TASK ITEM: In the records below, find the line that contains "3 LÜ YUKKA ÇİÇEGİ" and the line that contains "Watercolor illustration Botanical". Set down exactly those lines and every line between them, and nothing more.

=== SUPPLIED MATERIAL ===

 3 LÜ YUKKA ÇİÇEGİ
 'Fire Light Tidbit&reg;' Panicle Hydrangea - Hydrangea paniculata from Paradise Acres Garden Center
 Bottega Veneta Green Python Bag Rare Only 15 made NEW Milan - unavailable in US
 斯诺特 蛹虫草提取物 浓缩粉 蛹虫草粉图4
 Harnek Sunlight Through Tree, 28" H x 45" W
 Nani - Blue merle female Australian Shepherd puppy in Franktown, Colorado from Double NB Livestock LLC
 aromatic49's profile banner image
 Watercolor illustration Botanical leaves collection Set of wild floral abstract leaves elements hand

===
=== SUPPLIED MATERIAL ===

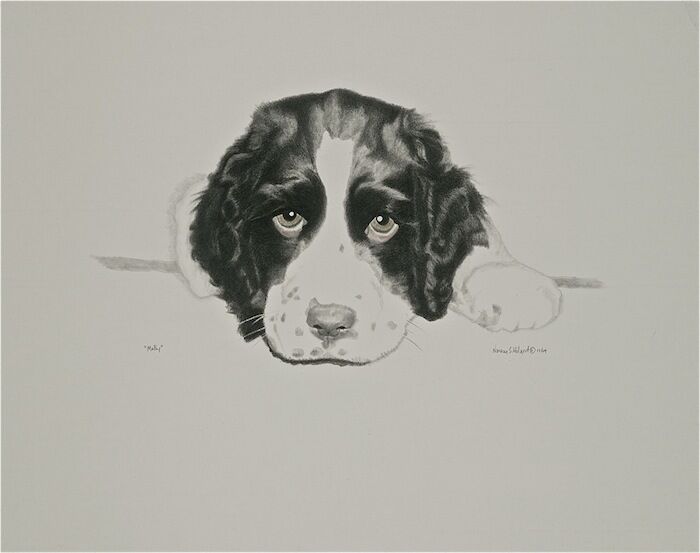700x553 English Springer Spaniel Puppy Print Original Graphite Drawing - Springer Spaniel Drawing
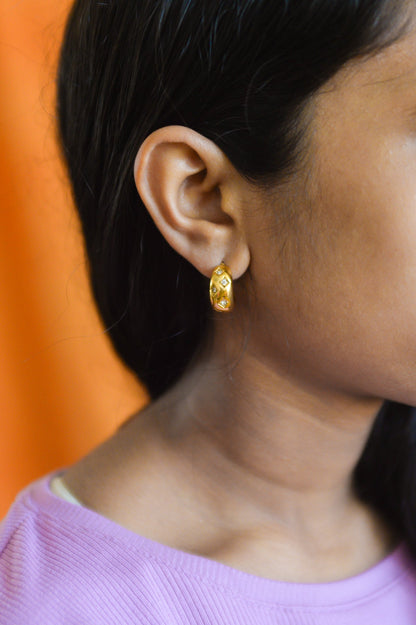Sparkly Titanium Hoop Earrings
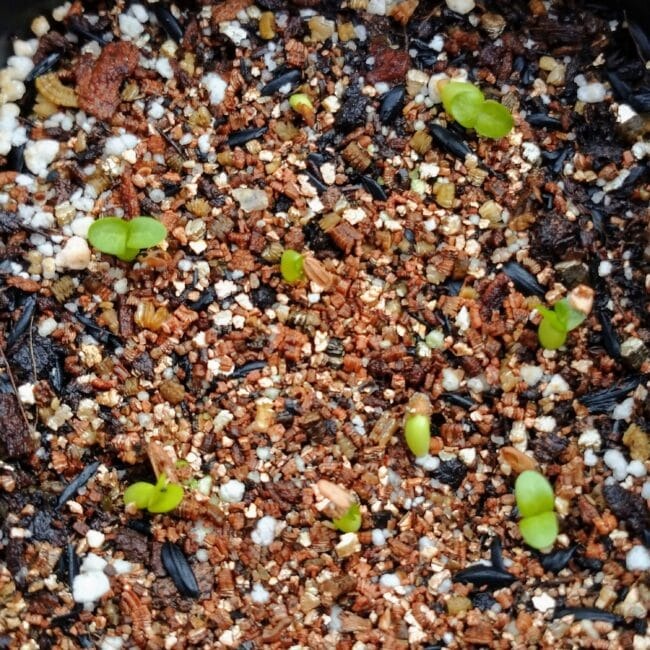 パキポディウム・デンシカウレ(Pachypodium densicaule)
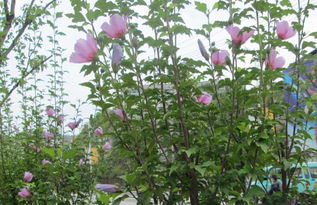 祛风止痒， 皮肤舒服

===

ANSWER BOX:
 3 LÜ YUKKA ÇİÇEGİ
 'Fire Light Tidbit&reg;' Panicle Hydrangea - Hydrangea paniculata from Paradise Acres Garden Center
 Bottega Veneta Green Python Bag Rare Only 15 made NEW Milan - unavailable in US
 斯诺特 蛹虫草提取物 浓缩粉 蛹虫草粉图4
 Harnek Sunlight Through Tree, 28" H x 45" W
 Nani - Blue merle female Australian Shepherd puppy in Franktown, Colorado from Double NB Livestock LLC
 aromatic49's profile banner image
 Watercolor illustration Botanical leaves collection Set of wild floral abstract leaves elements hand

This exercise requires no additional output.